Saul Alinsky, the only son of Russian Jewish immigrants, grew up in the slums of Chicago's West Side. His mother was only 17 when he was born in 1909; his father was a tailor; they lived in the back of a store. "My idea of luxury," he later recalled, "was to live in an apartment where I could use the bathroom without one of my parents banging on the door for me to get out because a customer wanted to get in."

When he was 12 years old, one of Saul's friends was beaten up by three Polish kids. "So naturally we went on the hunt and found a couple of Poles." But the police arrived, arrested them all, and took them to the station where they were claimed by furious mothers. On their way home, Alinsky's mother took him to the rabbi who lectured him about misbehavior. Saul defended himself, "So we beat them up. That's the American way. It's also in the Old Testament: an eye for an eye, a tooth for a tooth. Beat the hell out of them. That's what everybody does." The rabbi answered, "You think you're a man because you do what everybody does. Now I want to tell you something the great Rabbi Hillel said, 'Where there are no men, be thou a man.' I want you to remember that."

Saul never forgot it, and his was a life dedicated to the American way of not doing what everybody else happens to be doing. He was an American original, a radical, an irascible free-thinking visionary. He devoted his life to sharing the struggle of the "have-nots" who would claim - in housing, in jobs, in fair-treatment - their share of the American dream. And, until he died in 1972, Saul Alinsky merrily went on the hunt for the "haves" who would exploit, pollute, discriminate, and otherwise diminish that dream.

I am inspired to preach about Saul Alinsky by my eccentric office calendar which put his picture on February 26th. It's also Jackie Gleason's birthday but I'd much rather celebrate St. Saul!
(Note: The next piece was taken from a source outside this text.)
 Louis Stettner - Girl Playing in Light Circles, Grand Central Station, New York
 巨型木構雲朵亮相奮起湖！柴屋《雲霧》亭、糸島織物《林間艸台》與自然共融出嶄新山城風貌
Perhaps it was because I grew up in the 60's in Chicago, the scene of Alinsky's greatest successes, in a Unitarian church where some parishioners had been personally trained in community organization by Alinsky; but the recollection of Alinsky stirs in me feelings of energy and purposeful camaraderie, hopefulness, righteousness and fun - feelings which I know inspired me to ministry - and which for many of us in February of 1995, seem needy of replenishment.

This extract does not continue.